Flexible classic and NeurAl Retrieval Toolkit, or shortly FlexNeuART
(intended pronunciation flex-noo-art)
is a substantially reworked knn4qa
package. The overview can be found in our EMNLP OSS workshop paper:
Flexible retrieval with NMSLIB and FlexNeuART, 2020. Leonid Boytsov, Eric Nyberg.
In Aug-Dec 2020, we used this framework to generate best traditional and/or neural runs in the MSMARCO Document ranking task. In fact, our best traditional (non-neural) run slightly outperformed a couple of neural submissions. The code for the best-performing neural model will be published within 2-3 months. This model is described in our ECIR 2021 paper: Boytsov, Leonid, and Zico Kolter. "Exploring Classic and Neural Lexical Translation Models for Information Retrieval: Interpretability, Effectiveness, and Efficiency Benefits." ECIR 2021.
FlexNeuART
is under active development. More detailed description and documentaion is to appear.

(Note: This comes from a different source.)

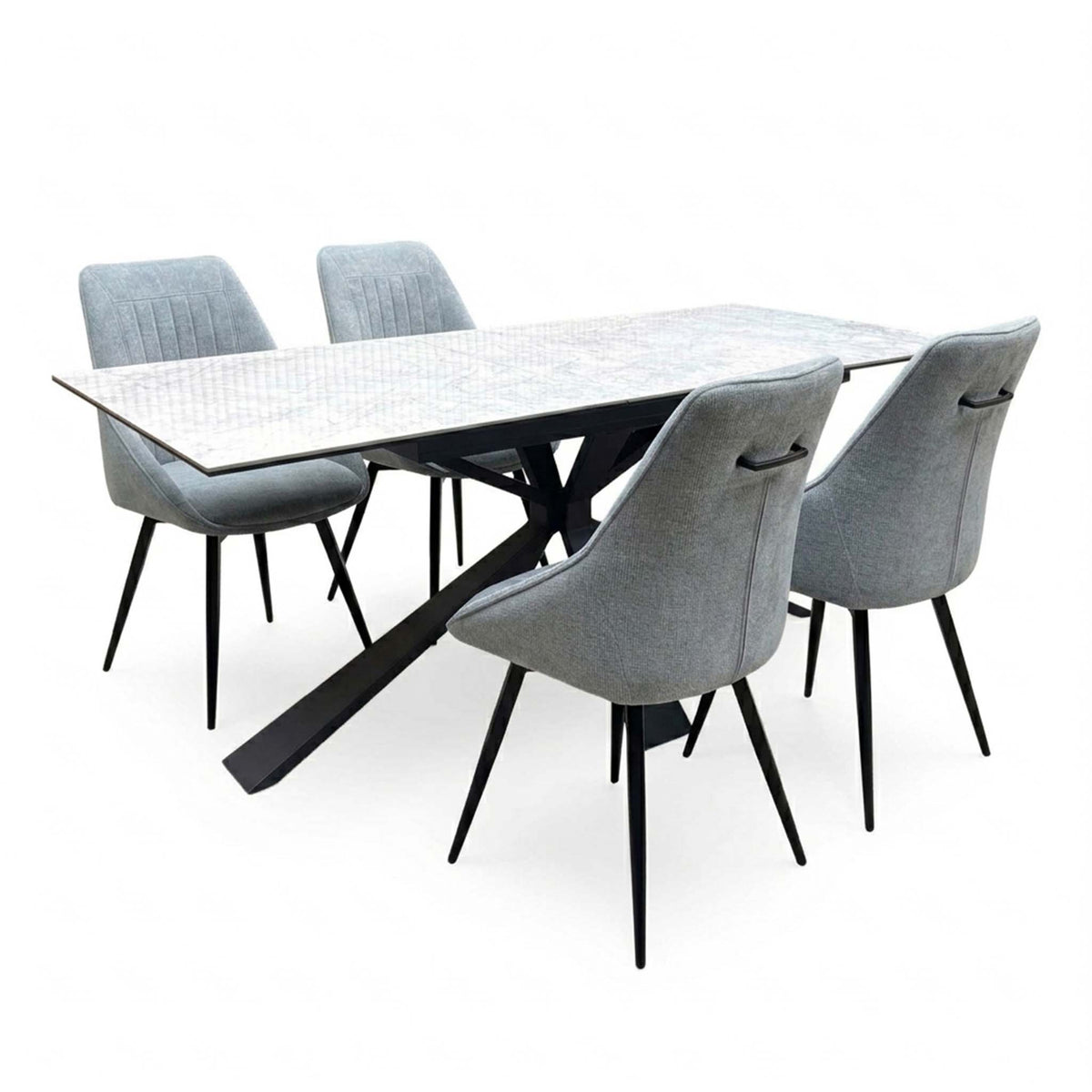 Crete ceramic top dining table with four dark grey fabric swivel chairs, angled from the right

Currently we have:
- The installation instructions
- Python API for retrieval and re-reranking
- Former life (as a knn4qa package), including acknowledgements and publications
- Collection-specific:
The framework supports data in generic JSONL format. We provide conversion (and in some cases download) scripts for the following collections:
- MS MARCO data (documents and passages)
- Yahoo Answers collections
- Cranfield
For neural network training FlexNeuART incorporates a re-worked variant of CEDR (MacAvaney et al' 2019).